Como seria, então, uma coordenação que muda a curva? Primeiro, uma via de mão dupla entre NMPR e o estado do dispositivo na Apple. Ao marcar um IMEI como roubado, um gatilho automático deveria consultar o status no ecossistema (Activation Lock, Modo Perdido, tentativa de restauração) e retornar ao NMPR uma resposta padronizada e verificável. Segundo, um pacote único de solicitação para a polícia: formato digital estruturado, autenticação forte, prazos definidos e trilha de auditoria, permitindo ação rápida e segura do lado da Apple.
Terceiro, regras claras para o varejo e para os marketplaces: antes de pagar por um aparelho, rodar obrigatoriamente a dupla checagem – NMPR e status no ecossistema – e registrar o resultado. Quem descumprir, paga caro, e a taxa de conformidade das redes deve ser publicada trimestralmente. Transparência muda comportamento: ninguém quer aparecer na lista vermelha.

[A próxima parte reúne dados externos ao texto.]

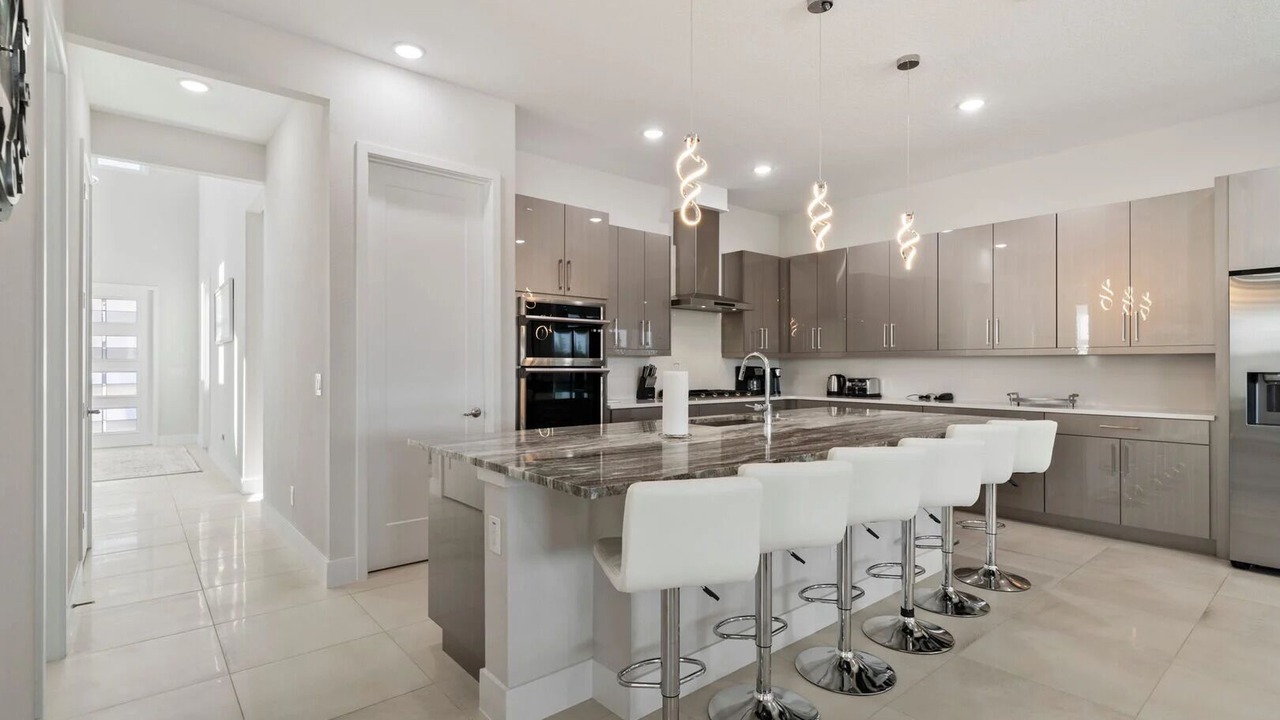Photo of Kitchen in Bay Lake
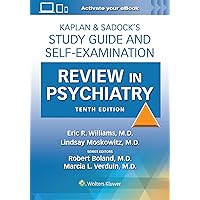 Kaplan & Sadock’s Study Guide and Self-Examination Review in Psychiatry Kaplan & Sadock’s Study Guide and Self-Examination Review in Psychiatry Paperback Kindle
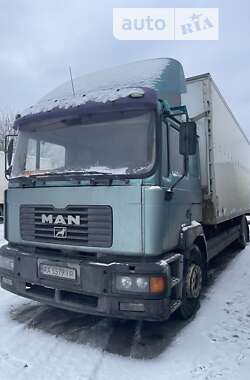 Вантажний фургон MAN 18.264 1996 в Києві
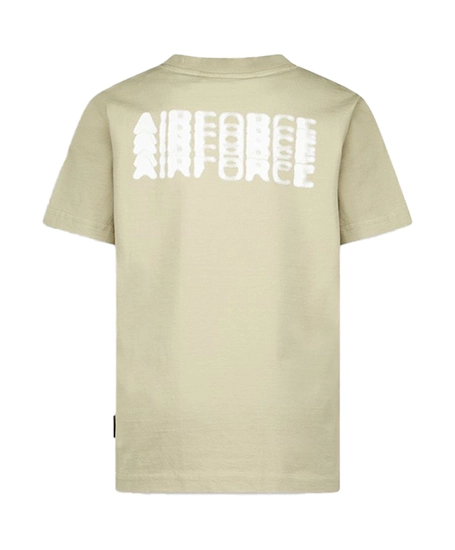 Airforce T-shirt Doubble Led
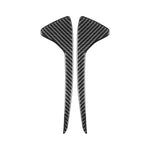 For Chevrolet Corvette C8 2pcs /Set Front Groove Side Decoration Sticker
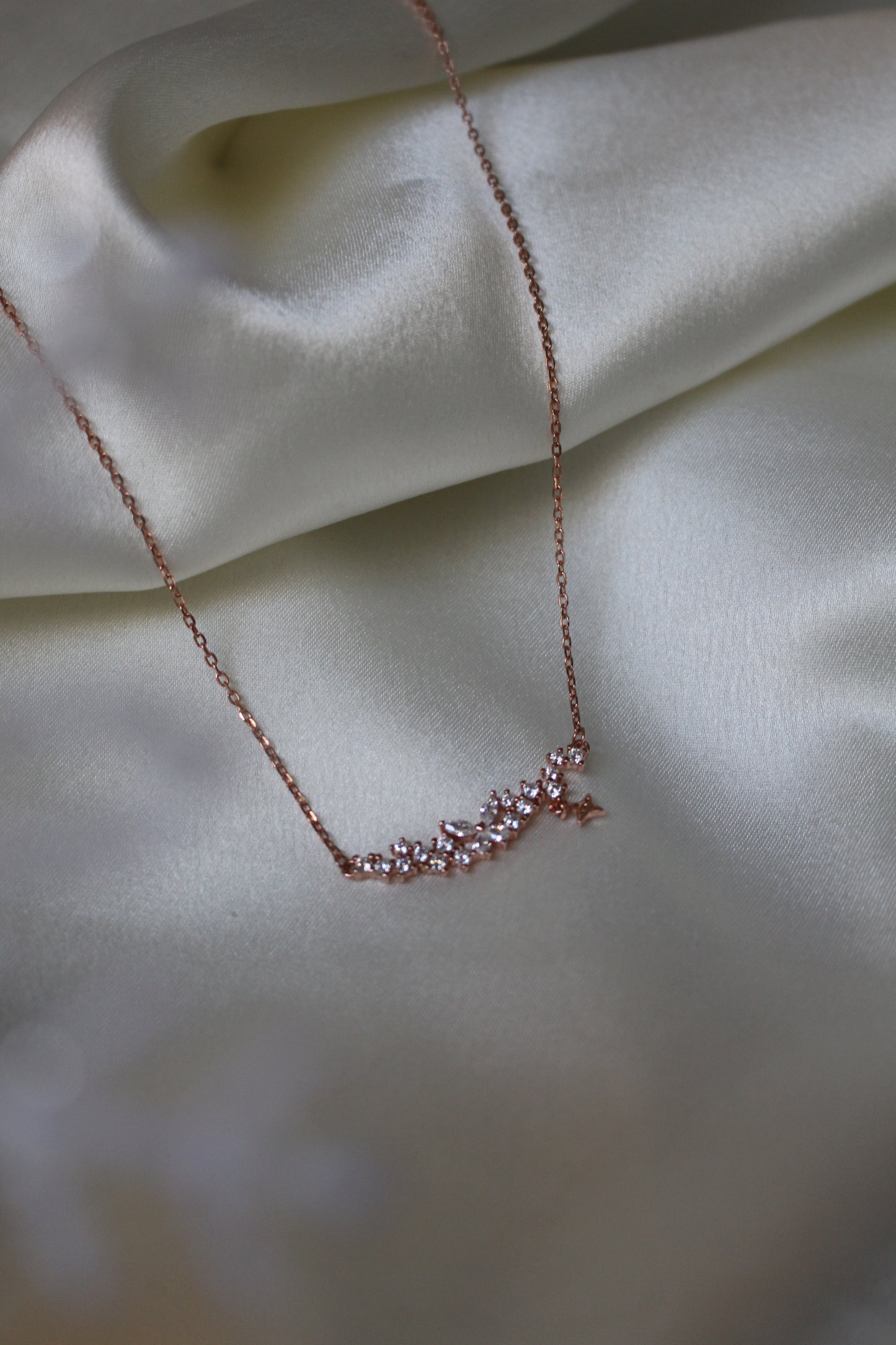 Grace Zircon Necklace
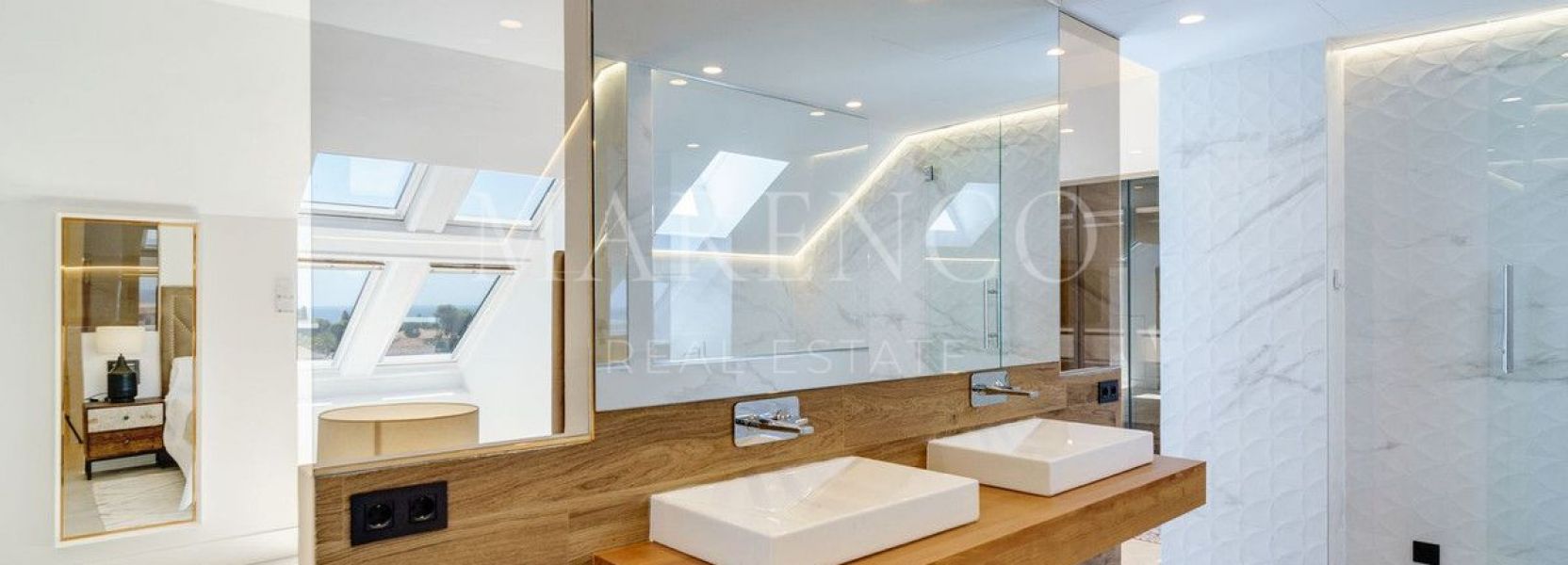 Duplex Penthouse  à Golden Mile, Marbella Golden Mile, Marbella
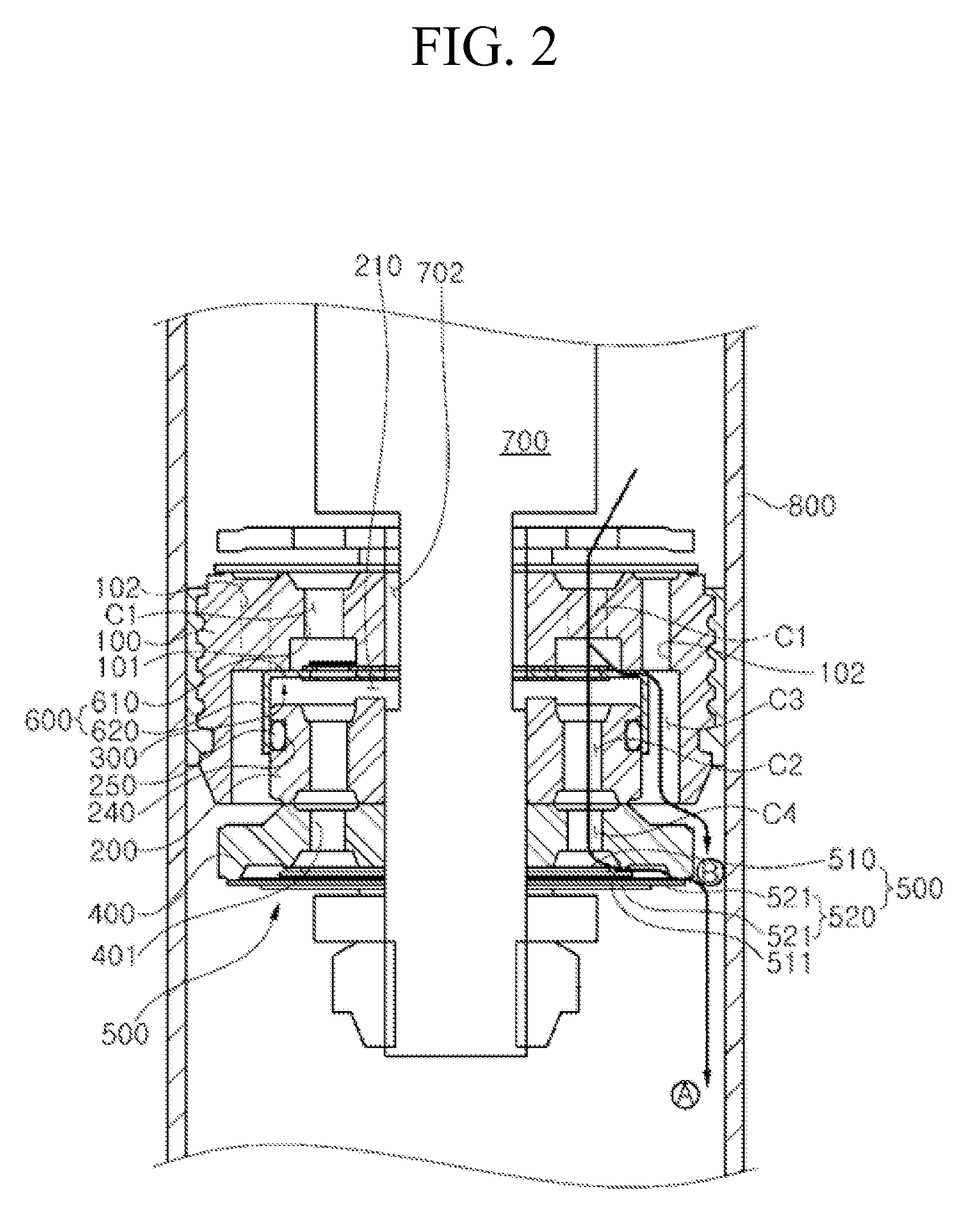 Shock absorber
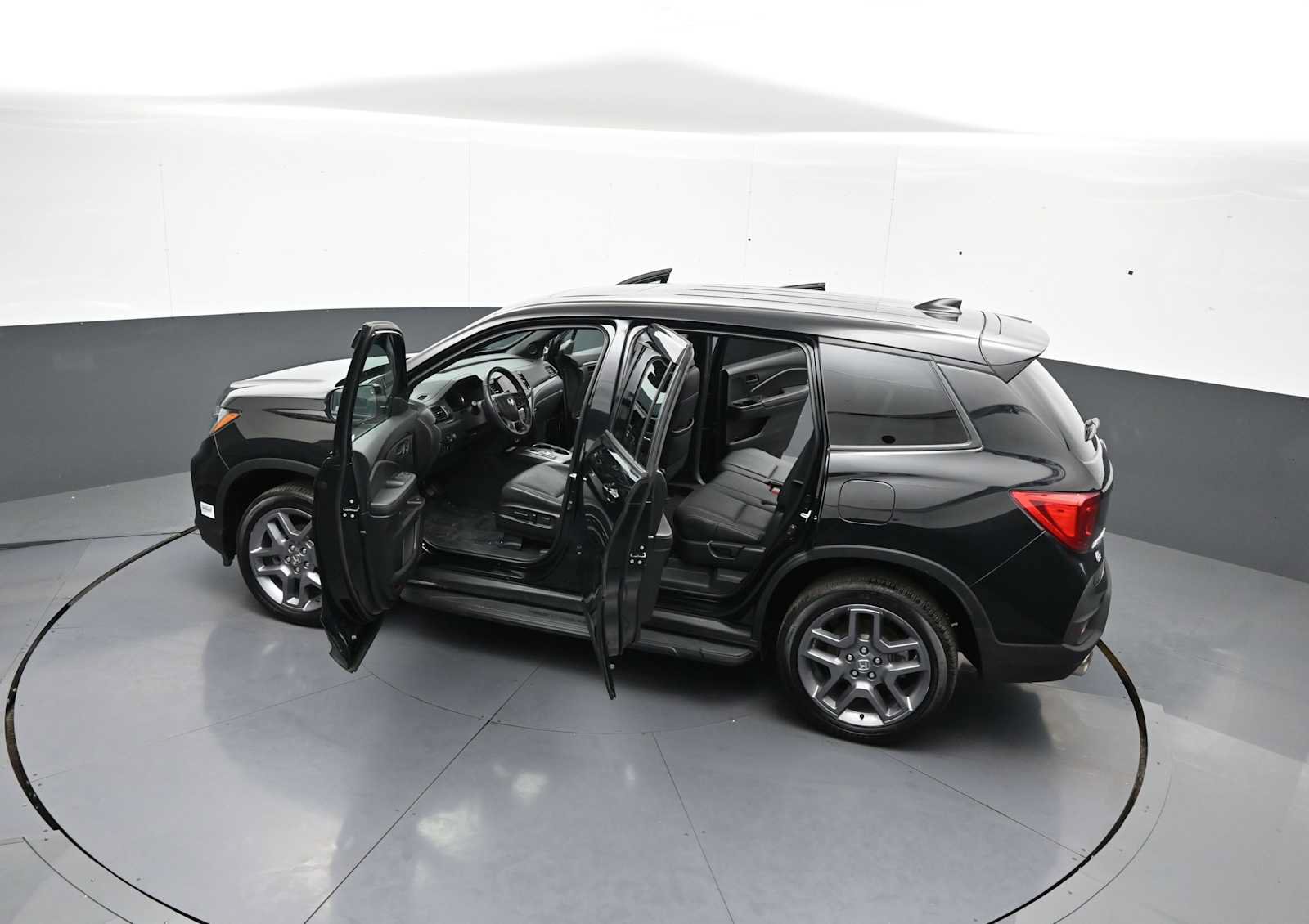 Certified 2023 Honda Passport EX-L image 45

Quarto, foco nos funis que mais doem no bolso do crime. Se a maioria dos aparelhos some em poucos dias por exportação ou por desmonte, as ações de alto impacto estão nos terminais de carga, nos operadores logísticos e nas bancas reincidentes. Alertas do Activation Lock combinados a eventos no NMPR podem acionar inspeções rápidas em remessas suspeitas. Quinto, uma experiência decente para a vítima: um painel único com o passo a passo e o status – “marcado no NMPR”, “Activation Lock ativo”, “apagado remotamente”, “pedido policial registrado”, “número do caso”, “última atualização”. Hoje, a pessoa cai num labirinto de formulários de seguradora e silêncio institucional.
Também há trabalho do lado do usuário. Os cenários de maior risco são previsíveis: calçadas lotadas, mesas externas de bares, ônibus tarde da noite. A Proteção de Dispositivo Roubado é potente, mas ainda subutilizada. Pequenos empurrões de UX ajudam: lembrar o recurso ao adicionar um cartão ao Wallet, ao ativar o Apple Pay ou quando o Face ID registra uma mudança relevante de aparência. E, na venda de um iPhone novo, treinar o varejo para configurar essas proteções com o cliente.
Minha leitura: o atrito é compreensível; o impasse, não. A Met tem razão ao pedir sinais estruturados e rápidos que tornem o iPhone roubado economicamente inútil. A Apple tem razão ao exigir base legal e processos imunes a fraude. O caminho não é mais um comunicado: é um protocolo. Conecte NMPR, varejo e estado do aparelho na Apple com autenticação robusta, logs auditáveis e foco na vítima. Publique métricas: tempo até “travado”, taxa de respostas dentro do prazo, conformidade do trade-in, apreensões em exportação. Com placar compartilhado, a disputa retórica vira corrida por redução real.
Por fim, um recado que ouvimos sempre dos leitores londrinos: responsabilidade tem CEP. A cidade quer menos arrancões na esquina do pub, não só siglas tecnológicas. Isso pede patrulha direcionada onde “esquenta”, checagem rápida de IMEIs reincidentes e ação visível contra lojas e embarcadores que fazem vista grossa. Somado às travas do ecossistema e a um fluxo claro para a vítima, você produz algo que ladrão odeia: atrito inevitável, difícil de contornar.